# [Task brief]
Using the records that appear below, write out exactly the lines from the one with "a close up of a gold coin on a gray surface" through the one with "Modelo de salón", keeping both end lines.

# [Data records]
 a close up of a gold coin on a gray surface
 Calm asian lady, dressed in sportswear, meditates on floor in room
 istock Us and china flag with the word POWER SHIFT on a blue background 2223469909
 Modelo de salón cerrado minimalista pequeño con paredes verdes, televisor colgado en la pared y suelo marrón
==
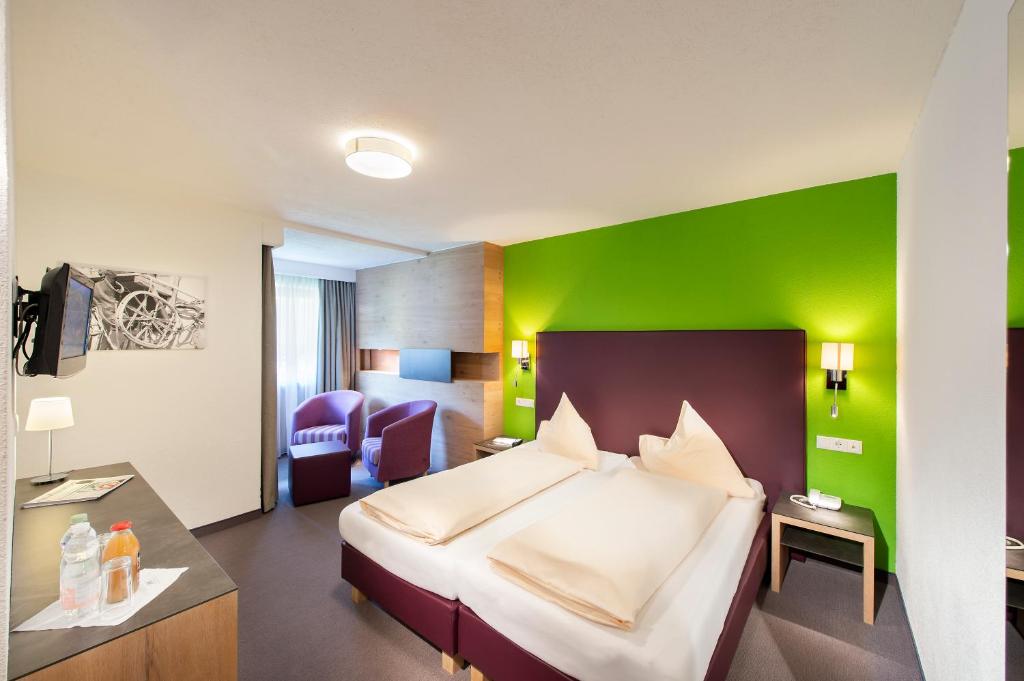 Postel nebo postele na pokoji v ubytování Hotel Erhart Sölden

# [Solution]
 a close up of a gold coin on a gray surface
 Calm asian lady, dressed in sportswear, meditates on floor in room
 istock Us and china flag with the word POWER SHIFT on a blue background 2223469909
 Modelo de salón cerrado minimalista pequeño con paredes verdes, televisor colgado en la pared y suelo marrón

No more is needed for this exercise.